A more deal-oriented approach is needed that focuses on opportunities for private sector cooperation between Pakistan and Saudi Arabia to go along with the official investment activity. A new generation of entrepreneurs from both sides need to be brought to the table. This includes men and women with global standing and a world class professional outlook – most likely those Pakistanis and Saudis who have already studied, traveled or done business outside their respective home countries.

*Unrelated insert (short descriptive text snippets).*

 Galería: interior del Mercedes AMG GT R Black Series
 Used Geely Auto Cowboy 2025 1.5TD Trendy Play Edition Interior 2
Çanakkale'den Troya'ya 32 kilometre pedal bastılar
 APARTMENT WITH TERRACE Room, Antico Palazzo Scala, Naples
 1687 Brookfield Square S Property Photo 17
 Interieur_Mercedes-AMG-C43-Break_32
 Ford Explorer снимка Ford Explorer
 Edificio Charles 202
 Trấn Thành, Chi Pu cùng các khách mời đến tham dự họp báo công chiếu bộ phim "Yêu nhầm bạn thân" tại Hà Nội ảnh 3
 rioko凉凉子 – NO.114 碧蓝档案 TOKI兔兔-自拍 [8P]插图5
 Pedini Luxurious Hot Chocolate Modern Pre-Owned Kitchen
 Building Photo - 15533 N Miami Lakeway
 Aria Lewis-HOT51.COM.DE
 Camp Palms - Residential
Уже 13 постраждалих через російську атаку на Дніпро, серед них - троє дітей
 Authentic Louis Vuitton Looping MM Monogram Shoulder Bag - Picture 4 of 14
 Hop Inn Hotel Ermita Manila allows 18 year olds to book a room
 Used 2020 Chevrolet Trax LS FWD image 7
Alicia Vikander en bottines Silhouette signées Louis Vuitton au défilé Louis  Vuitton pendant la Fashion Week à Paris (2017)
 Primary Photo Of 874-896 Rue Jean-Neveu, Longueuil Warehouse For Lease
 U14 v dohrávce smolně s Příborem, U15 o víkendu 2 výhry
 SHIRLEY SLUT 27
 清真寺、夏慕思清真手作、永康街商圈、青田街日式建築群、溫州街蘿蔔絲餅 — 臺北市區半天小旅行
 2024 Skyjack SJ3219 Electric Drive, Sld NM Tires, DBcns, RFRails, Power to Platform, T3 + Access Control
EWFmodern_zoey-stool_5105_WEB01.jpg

People that profit together, stay together. One innovative approach is to “toss” together a generation of Pakistani and Saudi men and women into a 2-3 day “entrepreneurial hackathon.” Such events are used the world over to catalyze new ideas. The entrepreneurial hackathon could even be supported by a venture/start-up capital fund, in the form of a “Pakistan Saudi Entrepreneurs Fund.” The fund would look for bankable opportunities with a focus on both impact and return. Such a fund would require Pakistani and Saudi entrepreneurs to look for partners from the other country to pair up as they propose ideas. Even the pitching could be part of a “Shark Tank” type of reality TV show, where investors evaluate pitches, and then invest in the best ideas. The goal is to establish opportunities for entrepreneurs of both countries to profit together – in each other’s countries, or even in third countries. Such an approach harnesses the potential of entrepreneurs to broaden and deepen stability in relations between both countries. And it also supports both “Naya Pakistan” and “Vision 2030.”
The upcoming visit of HRH Crown Prince Mohammed bin Salman should be the dawn of a new era between Pakistan and Saudi Arabia. Through the rewards of entrepreneurship, we can move our relationship from the limitation of need to the openness of potential. The time to act has arrived.